I'm not—to speak in such a way that doesn't violate the defamation clause of my contract—deeply compelled by this show. I appreciate that, as a working artist, this probably won't be the last time this is the case. It feels significant to know, though, that my professional commitment to art seems, at least in this instance, to negatively correlate with my personal commitment.
In the future—starting now—I want to do a better job at doing both. There is nobility, I think, to contributing even to a corny Christmas show; said shows and their ilk comprise the fabric of millions of people's experiences with their community and their culture. I have to keep pursuing what's meaningful to me, though.
Thankfully, I'm confident that my experiences on this show have contributed to my wholeness as a human being—I owe that to the places I've had the opportunity to travel and the amazing people I've had the opportunity to be around. My hope is, then, that this will prove to be an artistic gestational period—I'm looking forward to checking yes all the way down that value’s column once I'm home from my travels.
CRAFT
On style
Been noticing myself writing with simpler construction recently.
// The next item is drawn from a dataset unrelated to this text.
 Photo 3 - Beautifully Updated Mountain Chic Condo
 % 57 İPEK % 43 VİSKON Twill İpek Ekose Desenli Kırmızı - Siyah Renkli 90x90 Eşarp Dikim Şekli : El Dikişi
Been trying to, rather than attempt to weave the most intricate sentences I can, focus on the story that I'm telling moment to moment with the information and details I dictate or reveal.
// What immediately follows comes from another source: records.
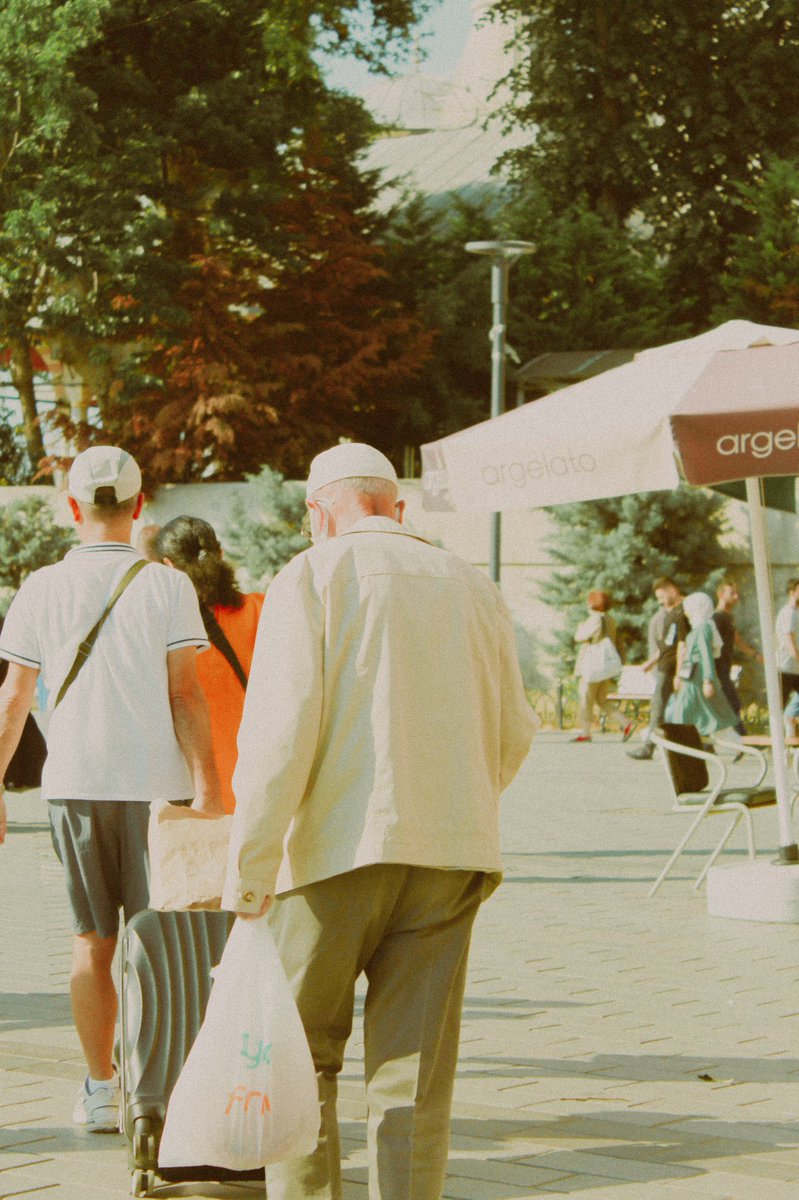 sanki bir kemal sunal filmi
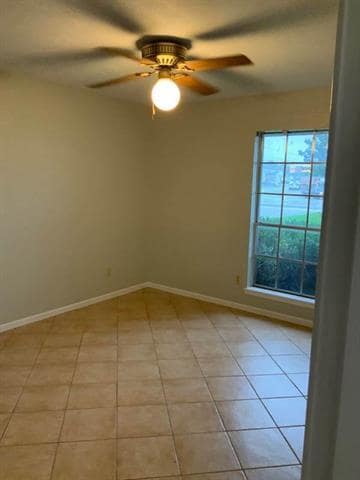 Photo - 1470 W South Loop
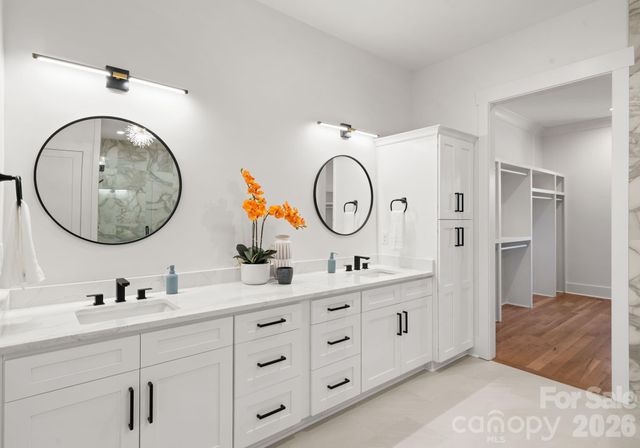 621 Poindexter Drive, Charlotte, NC 28209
Story really is paramount. I've been trying to get better at telling them.
I wanted to try something special for the last edition of 2025, one that relates to sentence construction and the nitty-gritty of syntax; I wanted to get other people involved.
This past month, on my Instagram, I posed a prompt to my followers asking them to write a sentence about a place of significance to them. I then asked respondents why they had constructed the sentence the way they did.
I had one friend who took up the call. I assume the rest were occupied with matters of immense import. Here's Madz's response to the prompt:
The door that led from my grandparents’ attic to the kitchen had a slit in it and when my sister and I peeked through, we could see glass horse figurines at the top of the kitchen cabinets.
About this sentence, Madz said:
I re wrote it a few times to fit it into a sentence that didn’t feel super run on, but was trying to think of something I strongly associate with being at my grandparents house. I was also imagining if I was talking to you how I would say this in one sentence haha so I guess I was also thinking about how I talk a bit as well.
I’m compelled by how Madz sought to create a distilled image of a memory of their grandparents’ house. Their lack of a comma before the “and” simulates the breathless enthusiasm of a kid poking their head into a hidden world; the later comma lets us take a breath and soak in what Madz and their sister saw when they did indeed poke their heads through.
They raise an interesting point about how we conceptualize writing, as well. Is it our duty to simulate speech? Is there specific artistic merit to it? Is it simply a useful writers’ aid? It depends on the medium and the material, of course.
Madz didn't want to write an overlong sentence—why? Does length necessarily occlude clarity? This sentence feels like just the right length for its task, it has a lovely rhythm—and what was to stop Madz from writing a glorious paragraph of a run-on, provided their meaning and intention were clear?
I would be curious to know how many times the author rewrote this sentence. I'm grateful for their efforts as a contribution to the newsletter this month; I am grateful, as always, for your own time and interest in this newsletter.
I would like to do more audience-participation activities such as this! It would likely make the most sense for me to bake their prompts into the newsletter itself rather than Instagram. Keep an eye out—more on their way.
In the meantime, happy New Year, everyone! Wishing you warmth as we turn our calendars over.